One thing we can count on in this life is that nothing stays the same, change is a given. Each phase of life has a shelf life as one dissolves into the next. This is especially true for women and men who have been the primary caregivers of their children. There are the toddler years, the preschool years, the school age years, the adolescent years, and on and on it goes. Each of these transitional phases bring their own set of challenges that must be addressed.
I’ve noticed that one phase that’s not often talked about is the one in which our children pass from adolescence into full fledged adulthood, thus becoming “adult children.” Navigating through this familial shift is no small feat. Out of necessity boundaries must be reevaluated and redefined as both parent and child morph their relationship into one that works for everyone. I recently conducted an informal poll among friends and acquaintances who have successfully made the transition and learned some great ideas to help smooth some of the rough patches along the way.
- Form an informal book club. Becky S started an informal book club with her daughters. They each take turns choosing a book to pass around among themselves, then meet for lunch to discuss what each took away from the read. She says it has freed all of them to share their opinions on certain subjects involving fictional characters, because “it’s just a book.” After reading Middlesex, for example, she was able to discuss everything from politics to sexual orientation with her adult daughter, something she’s not sure would have happened had they not shared the book.

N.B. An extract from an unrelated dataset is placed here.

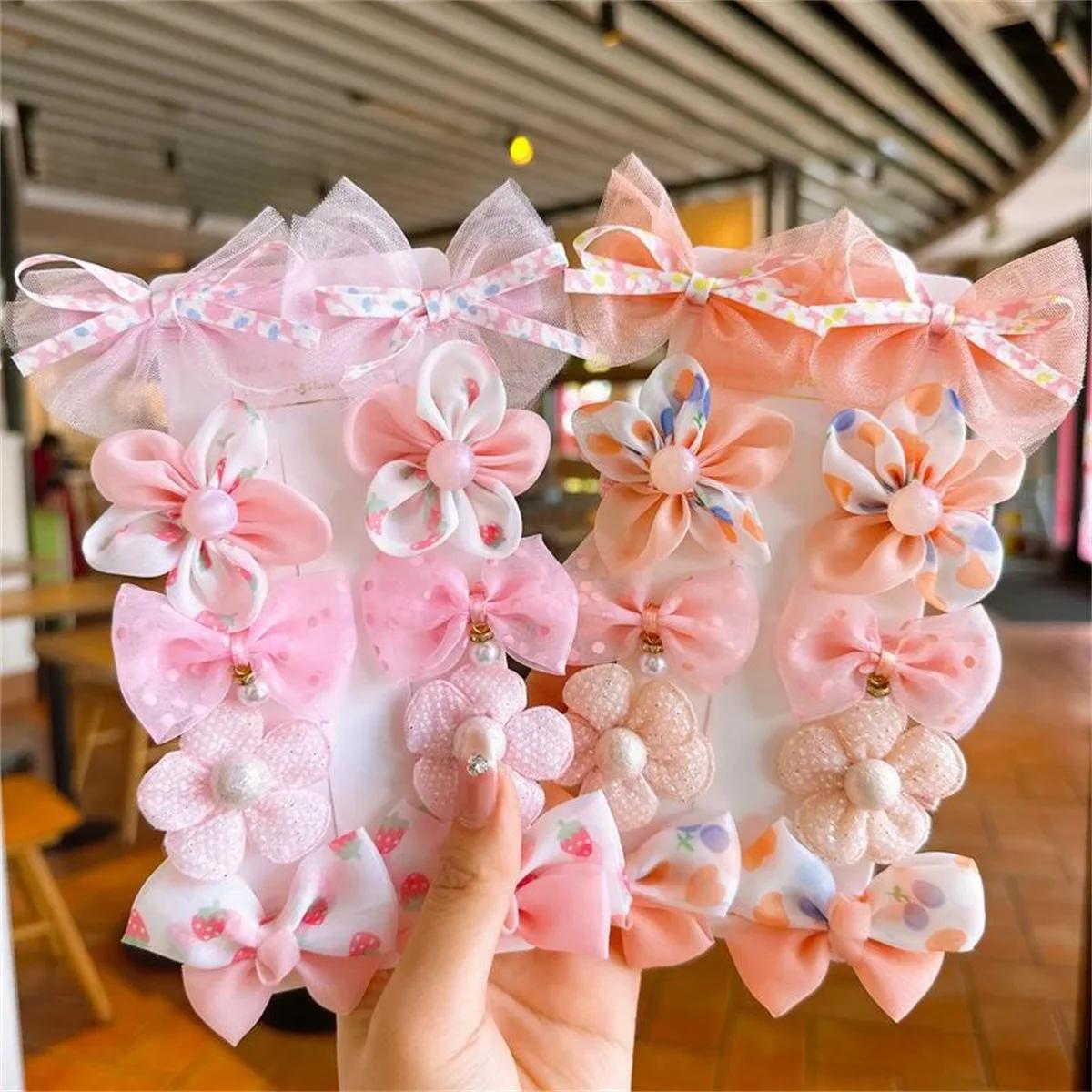 Pinces à cheveux en dentelle pour bébé, 10 pièces/ensemble, nœuds mignons, fleur, épingles à cheveux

- Openly discuss what the new boundaries will be as the status of the relationship changes over time. Teresa told her adult children that she would keep from giving them her opinion in certain situations unless they specifically asked for it — an informal, verbal contract of sorts. “We’d had a great deal of conflict early on because I was just too involved in their [decisionmaking].” Something had to change, because all parties were getting pretty frustrated. The irony of Teresa’s story is that now that she’s given them permission to make their own decisions, they ask her for her advice on a regular basis. The difference is that they get to decide whether or not she becomes involved.
- “Keep your eyes half closed when your kids make mistakes,” another friend suggests. After all, they have the right to make mistakes and learn from them, just as we did, as Julie discovered as she fought to keep her mouth shut as her daughter and son-in-law acquired ever increasing credit card debt. “Lo and behold, they were able to mature from the experience. They didn’t need me after all!”
Finally, it’s important to keep your sense of humor at the ready and to remember that their trials and difficulties of adulthood shall also pass. Once the relationship as fully shifted, the parent/ adult child relationship will take on a unique life of its own. Hopefully, careful navigation through ephemeral rapids of early adulthood, the next period of life will provide mutual, loving benefit to both parent and child.